* Problem to work on *
Go line by line through the entries and show those that hold the string "Glass".
══ Data for processing ══
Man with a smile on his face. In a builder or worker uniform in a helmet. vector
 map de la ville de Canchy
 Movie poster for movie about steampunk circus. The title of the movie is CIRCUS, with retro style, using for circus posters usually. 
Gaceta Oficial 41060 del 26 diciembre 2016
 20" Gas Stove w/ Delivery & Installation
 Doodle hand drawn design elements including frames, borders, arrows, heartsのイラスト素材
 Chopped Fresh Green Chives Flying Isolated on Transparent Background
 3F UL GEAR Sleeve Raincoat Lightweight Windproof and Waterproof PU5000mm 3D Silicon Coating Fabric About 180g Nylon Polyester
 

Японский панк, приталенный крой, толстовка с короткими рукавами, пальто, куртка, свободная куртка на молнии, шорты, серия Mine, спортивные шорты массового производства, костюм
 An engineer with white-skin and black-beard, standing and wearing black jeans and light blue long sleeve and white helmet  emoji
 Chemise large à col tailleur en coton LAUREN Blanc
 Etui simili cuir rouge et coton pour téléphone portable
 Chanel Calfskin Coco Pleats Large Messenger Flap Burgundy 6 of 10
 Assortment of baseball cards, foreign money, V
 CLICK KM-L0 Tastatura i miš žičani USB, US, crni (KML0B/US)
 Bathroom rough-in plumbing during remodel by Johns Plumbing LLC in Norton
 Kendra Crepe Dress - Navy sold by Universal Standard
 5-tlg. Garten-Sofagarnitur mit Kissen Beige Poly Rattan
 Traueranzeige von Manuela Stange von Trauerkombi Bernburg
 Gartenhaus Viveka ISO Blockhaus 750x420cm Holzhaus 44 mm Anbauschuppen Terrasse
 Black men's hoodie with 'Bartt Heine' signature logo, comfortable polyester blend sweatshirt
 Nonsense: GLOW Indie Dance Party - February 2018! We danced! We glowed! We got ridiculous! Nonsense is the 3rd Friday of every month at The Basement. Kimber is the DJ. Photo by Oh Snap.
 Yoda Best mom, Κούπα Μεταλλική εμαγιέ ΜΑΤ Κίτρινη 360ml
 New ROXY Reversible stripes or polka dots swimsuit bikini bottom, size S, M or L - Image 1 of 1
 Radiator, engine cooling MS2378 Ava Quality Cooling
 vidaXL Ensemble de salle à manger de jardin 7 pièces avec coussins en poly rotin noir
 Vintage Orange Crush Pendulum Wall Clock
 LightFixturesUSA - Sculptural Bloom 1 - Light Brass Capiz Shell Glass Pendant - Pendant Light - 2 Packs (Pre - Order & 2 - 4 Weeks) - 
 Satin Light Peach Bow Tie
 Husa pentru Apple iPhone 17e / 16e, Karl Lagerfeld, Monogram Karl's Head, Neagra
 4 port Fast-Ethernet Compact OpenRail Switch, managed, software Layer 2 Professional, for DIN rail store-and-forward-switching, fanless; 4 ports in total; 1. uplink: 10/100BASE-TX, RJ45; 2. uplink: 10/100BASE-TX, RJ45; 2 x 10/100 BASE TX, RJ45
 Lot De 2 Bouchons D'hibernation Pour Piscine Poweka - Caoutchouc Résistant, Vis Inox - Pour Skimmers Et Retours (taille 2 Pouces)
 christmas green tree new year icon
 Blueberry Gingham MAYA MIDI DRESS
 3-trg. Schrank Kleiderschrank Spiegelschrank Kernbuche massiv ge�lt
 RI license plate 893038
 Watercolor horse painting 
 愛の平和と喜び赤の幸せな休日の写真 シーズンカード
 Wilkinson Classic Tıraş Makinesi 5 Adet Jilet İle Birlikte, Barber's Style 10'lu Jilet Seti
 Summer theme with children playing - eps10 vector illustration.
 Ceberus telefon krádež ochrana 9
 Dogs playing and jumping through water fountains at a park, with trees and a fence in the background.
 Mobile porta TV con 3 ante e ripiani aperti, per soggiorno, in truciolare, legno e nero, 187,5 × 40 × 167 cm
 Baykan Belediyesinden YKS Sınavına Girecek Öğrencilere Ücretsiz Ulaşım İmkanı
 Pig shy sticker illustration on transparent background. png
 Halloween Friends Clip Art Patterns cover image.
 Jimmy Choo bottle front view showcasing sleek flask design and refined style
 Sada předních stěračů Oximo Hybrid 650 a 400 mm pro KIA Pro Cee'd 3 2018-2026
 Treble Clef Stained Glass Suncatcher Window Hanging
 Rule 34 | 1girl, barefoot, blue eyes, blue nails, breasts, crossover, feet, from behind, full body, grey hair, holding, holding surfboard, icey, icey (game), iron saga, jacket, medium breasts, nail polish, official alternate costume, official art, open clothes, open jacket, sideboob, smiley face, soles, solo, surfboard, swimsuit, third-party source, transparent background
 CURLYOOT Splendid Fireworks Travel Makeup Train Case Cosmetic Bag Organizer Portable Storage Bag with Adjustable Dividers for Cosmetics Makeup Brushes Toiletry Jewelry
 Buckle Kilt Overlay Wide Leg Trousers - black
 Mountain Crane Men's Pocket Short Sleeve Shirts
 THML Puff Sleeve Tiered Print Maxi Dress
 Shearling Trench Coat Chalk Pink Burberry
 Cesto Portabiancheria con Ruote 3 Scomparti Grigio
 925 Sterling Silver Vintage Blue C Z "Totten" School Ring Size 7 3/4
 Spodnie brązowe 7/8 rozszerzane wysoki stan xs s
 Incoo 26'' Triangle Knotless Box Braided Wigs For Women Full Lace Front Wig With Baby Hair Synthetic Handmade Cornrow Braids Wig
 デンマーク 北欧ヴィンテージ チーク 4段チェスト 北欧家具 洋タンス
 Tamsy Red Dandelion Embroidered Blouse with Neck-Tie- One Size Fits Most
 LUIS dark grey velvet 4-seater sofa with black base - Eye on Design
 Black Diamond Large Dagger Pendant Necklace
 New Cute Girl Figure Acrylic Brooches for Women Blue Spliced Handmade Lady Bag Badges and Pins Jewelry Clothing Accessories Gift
═══
* Problem solution *
 LightFixturesUSA - Sculptural Bloom 1 - Light Brass Capiz Shell Glass Pendant - Pendant Light - 2 Packs (Pre - Order & 2 - 4 Weeks) - 
 Treble Clef Stained Glass Suncatcher Window Hanging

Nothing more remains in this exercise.